• _Exercise_
From the first line to the last, restate the material word for word; pictures stay out.

• _Data to use_
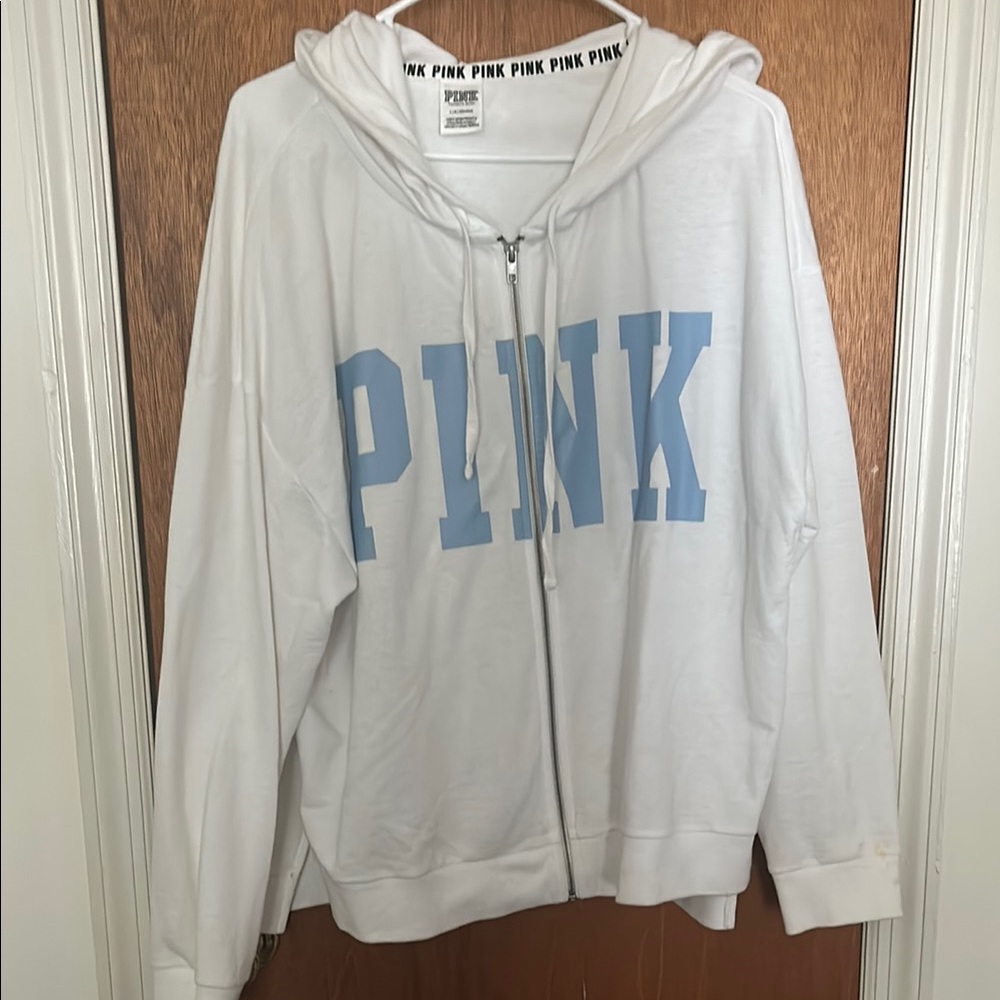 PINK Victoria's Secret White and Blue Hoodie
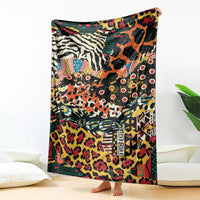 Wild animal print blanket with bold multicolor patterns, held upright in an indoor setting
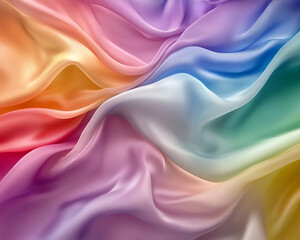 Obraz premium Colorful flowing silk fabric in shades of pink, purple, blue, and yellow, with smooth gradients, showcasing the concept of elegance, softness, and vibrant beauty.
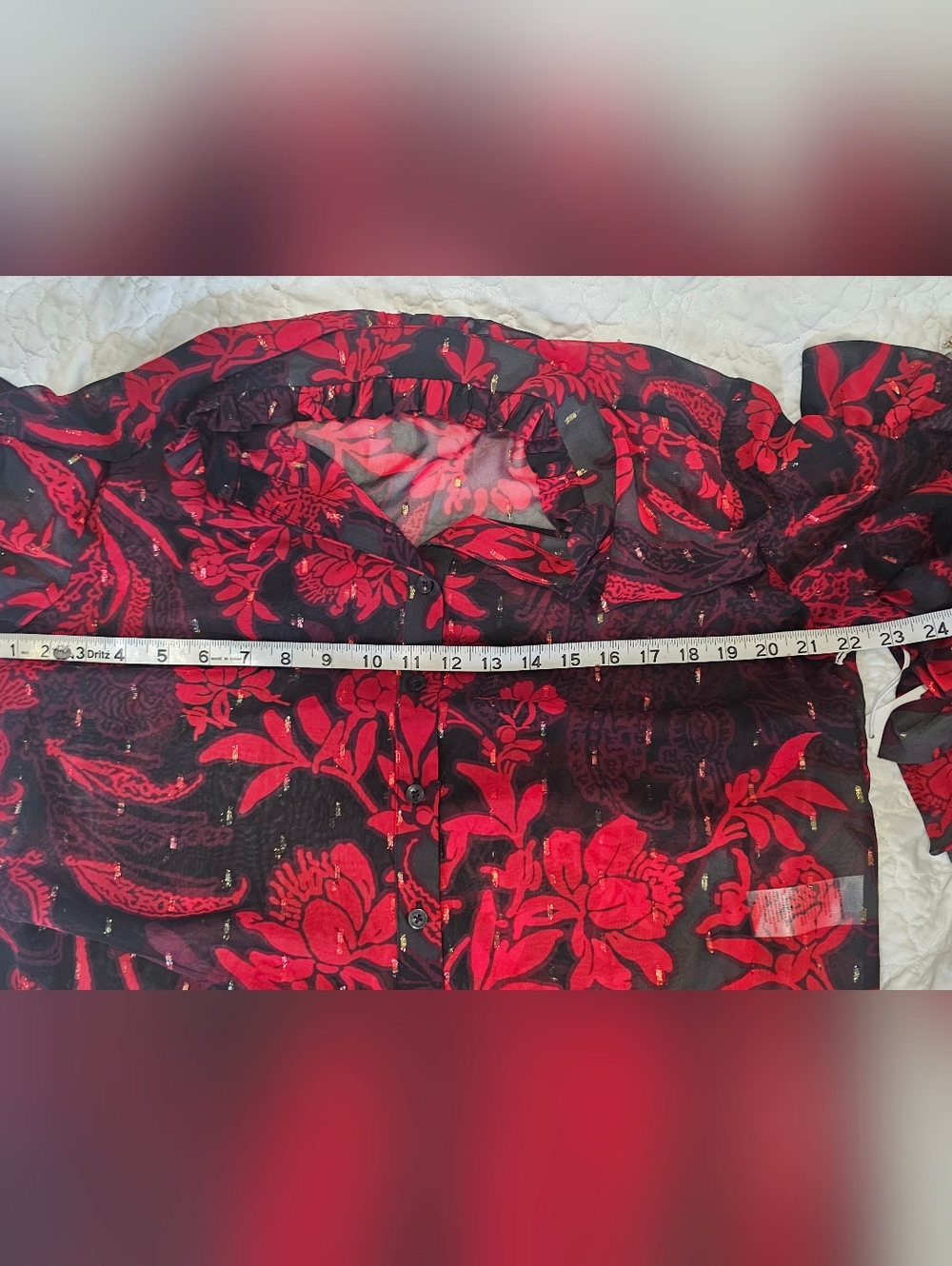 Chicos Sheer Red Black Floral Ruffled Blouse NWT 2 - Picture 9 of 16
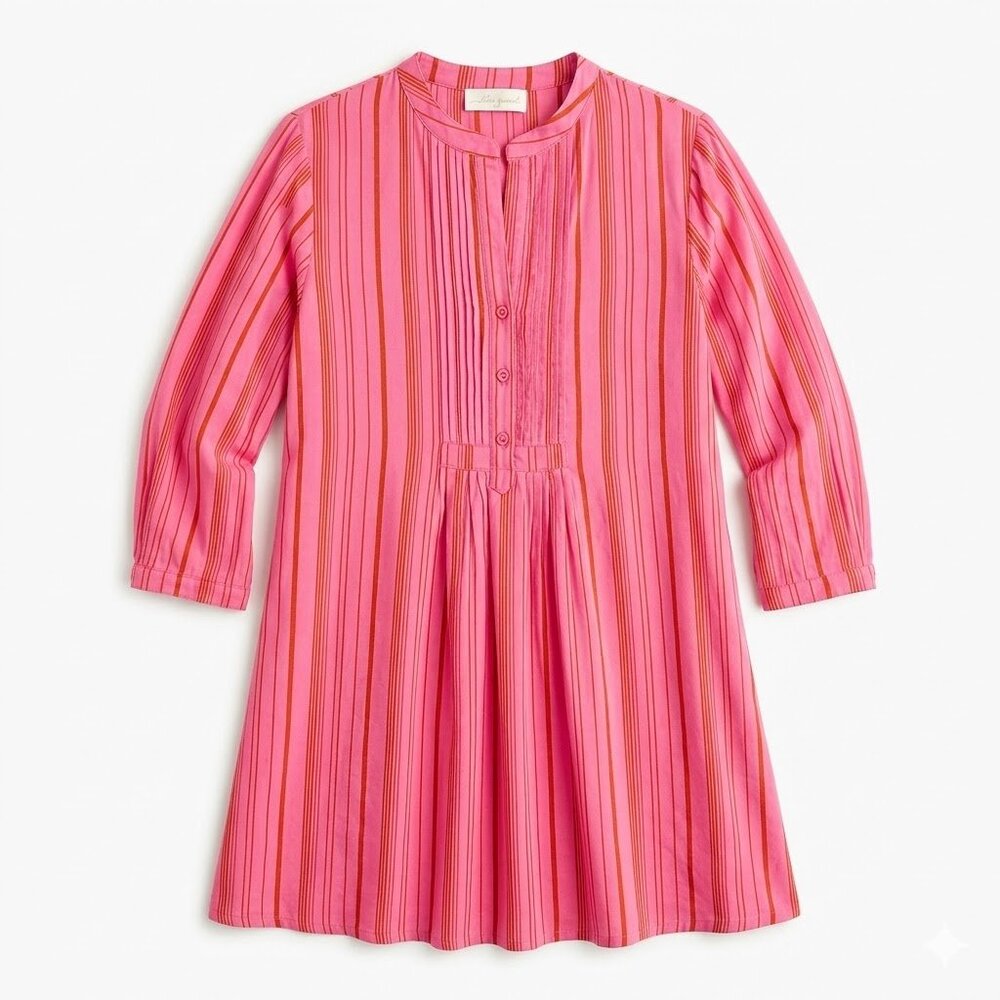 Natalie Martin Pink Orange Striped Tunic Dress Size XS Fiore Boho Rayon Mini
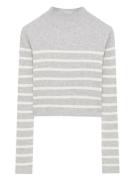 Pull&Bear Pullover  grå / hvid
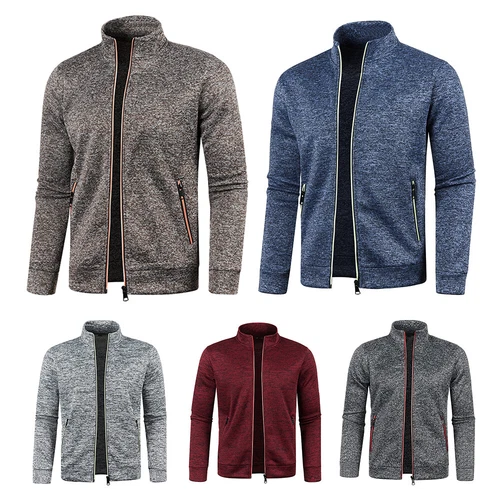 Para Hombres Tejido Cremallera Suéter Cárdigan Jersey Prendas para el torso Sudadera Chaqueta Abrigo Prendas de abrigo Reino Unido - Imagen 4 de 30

• _Output_
 PINK Victoria's Secret White and Blue Hoodie
 Wild animal print blanket with bold multicolor patterns, held upright in an indoor setting
 Obraz premium Colorful flowing silk fabric in shades of pink, purple, blue, and yellow, with smooth gradients, showcasing the concept of elegance, softness, and vibrant beauty.
 Chicos Sheer Red Black Floral Ruffled Blouse NWT 2 - Picture 9 of 16
 Natalie Martin Pink Orange Striped Tunic Dress Size XS Fiore Boho Rayon Mini
 Pull&Bear Pullover  grå / hvid
 Para Hombres Tejido Cremallera Suéter Cárdigan Jersey Prendas para el torso Sudadera Chaqueta Abrigo Prendas de abrigo Reino Unido - Imagen 4 de 30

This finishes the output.